I don't mean to make conclusions about culture's blame on the character of a nation, but it should be quite obvious at least that free-style dancing makes one less strung up.  This country is a mystery to me, a familiar mystery that feels like home.  The people are so casual, so laid back, and so beholden of their social norms.  We don't particularly concern ourselves with what other people do, we don't go into confrontations every time someone upsets us, but we do notice when someone seems different than the rest.  We are friendly and judgmental, sociable and racist.


Last night we met an attractive young couple not yet in their thirties, who were recently married. Our friends describe them as "gaul tobat", or for lack of better translation, "repentant populars".  I asked them what that meant.  They explained that the couple, especially the girl, was once upon a time quite the party people, frequently seen in clubs with pretty friends.  But a year in advance of their wedding, the girl stopped clubbing and wanted no parties, not even a bachelorette. The bride had "repented" from being "popular" in preparation for marriage life. Her groom, he tagged along.
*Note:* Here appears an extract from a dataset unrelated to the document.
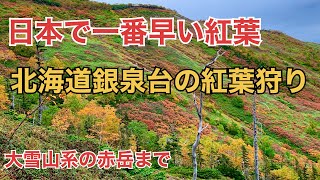 北海道90日間の車中泊の旅［66日目］大雪山の銀泉台 紅葉真っ盛り🍁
I did not quite understand this.  There had to be some better explanation.  When a person "repents", it is usually from a perceived sin, but I fail to see the sin in this case.


I am a result of some kind of oppression, with liberal philosophies tinged with anger at other people's choice of self-oppression.  It bothers me when it shouldn't, it bothers me while others are perfectly happy and peaceful with their choices.  But it should bother me if they whisper, like so many do, of other people who have not "repented".  If they whisper about those poor souls who have not received the kind of enlightenment and closeness to God that they have found to be ideal for themselves. If they judge me in any way, then I will judge them as stuffy idiots.


Of course it's none of my business, but I guess I can't help being a little disappointed that a person who has experienced the freedom of dancing chooses to go back and become the silent observer in the traditional wedding.